This is Gwen Outen with the VOA Special English Education Report.
Last week we discussed rules for getting permission to enter the United States to study at a college or university. Now, in part six of our Foreign Student Series, we discuss the Student and Exchange Visitor Information System. This computer system is known as SEVIS. It went into effect in January of two thousand three.
All schools must enter information when they admit a foreign student. SEVIS brings together about seventy-four thousand American colleges, universities and technical schools. It links them to the Immigration and Customs Enforcement Service.
The government uses the system to let a school know when a student has entered the country. The school must report within thirty days if the student is attending classes. The school must also report if the student leaves school.
The Department of Homeland Security says SEVIS now lists about seven hundred seventy thousand students and exchange visitors. Family members who traveled with them are also listed.
On September first, the United States began to charge each student and exchange visitor one hundred dollars to help pay for the system. The money will also help pay for a new SEVIS Web site that is being developed. The site will permit student and exchange visitors to examine their SEVIS information and payment record online.
Information about SEVIS can be found on the Immigration and Customs Enforcement Web site: www.ice.gov...www.ice.gov. And you can find our Foreign Student Series at WWW.51VOA.COM.
Finally, we want to add to our report two weeks ago about online programs. One example we gave is the largest university in the country to operate for profit, the University of Phoenix.
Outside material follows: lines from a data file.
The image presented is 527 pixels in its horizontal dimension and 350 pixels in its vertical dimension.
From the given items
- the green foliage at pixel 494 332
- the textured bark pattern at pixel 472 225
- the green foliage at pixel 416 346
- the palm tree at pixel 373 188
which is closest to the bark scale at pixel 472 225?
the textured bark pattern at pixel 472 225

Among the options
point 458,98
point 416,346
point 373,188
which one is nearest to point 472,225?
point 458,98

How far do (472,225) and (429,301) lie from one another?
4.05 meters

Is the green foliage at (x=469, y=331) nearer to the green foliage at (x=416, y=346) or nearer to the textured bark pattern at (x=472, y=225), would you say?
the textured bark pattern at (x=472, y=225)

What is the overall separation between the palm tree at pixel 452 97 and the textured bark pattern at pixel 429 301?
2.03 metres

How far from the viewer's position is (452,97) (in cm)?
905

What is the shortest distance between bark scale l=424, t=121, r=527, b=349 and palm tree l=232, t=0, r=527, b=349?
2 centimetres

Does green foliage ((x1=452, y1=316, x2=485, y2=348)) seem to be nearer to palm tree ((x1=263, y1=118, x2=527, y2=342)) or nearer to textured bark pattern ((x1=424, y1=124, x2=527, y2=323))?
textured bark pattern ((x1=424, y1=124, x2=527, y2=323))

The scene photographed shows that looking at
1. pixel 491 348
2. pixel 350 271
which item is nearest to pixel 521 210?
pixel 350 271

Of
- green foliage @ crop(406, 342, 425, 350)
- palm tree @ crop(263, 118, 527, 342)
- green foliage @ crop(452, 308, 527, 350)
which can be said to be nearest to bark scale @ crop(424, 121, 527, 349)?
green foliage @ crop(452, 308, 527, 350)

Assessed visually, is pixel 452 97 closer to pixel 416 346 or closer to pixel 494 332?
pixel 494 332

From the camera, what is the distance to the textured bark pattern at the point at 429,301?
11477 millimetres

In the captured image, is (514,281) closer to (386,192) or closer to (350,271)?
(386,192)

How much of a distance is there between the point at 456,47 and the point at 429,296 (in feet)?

Last month, its owner, the Apollo Group, announced settlement agreements with the Department of Education. In one case, the company agreed to pay a fine of nearly ten million dollars.
Investigators say the University of Phoenix used unacceptable sales methods to pressure employees to sign up students. Employees reportedly admitted some students who were unprepared.
The settlement involved no admission of wrongdoing. Other profit-making higher education companies have also been under investigation.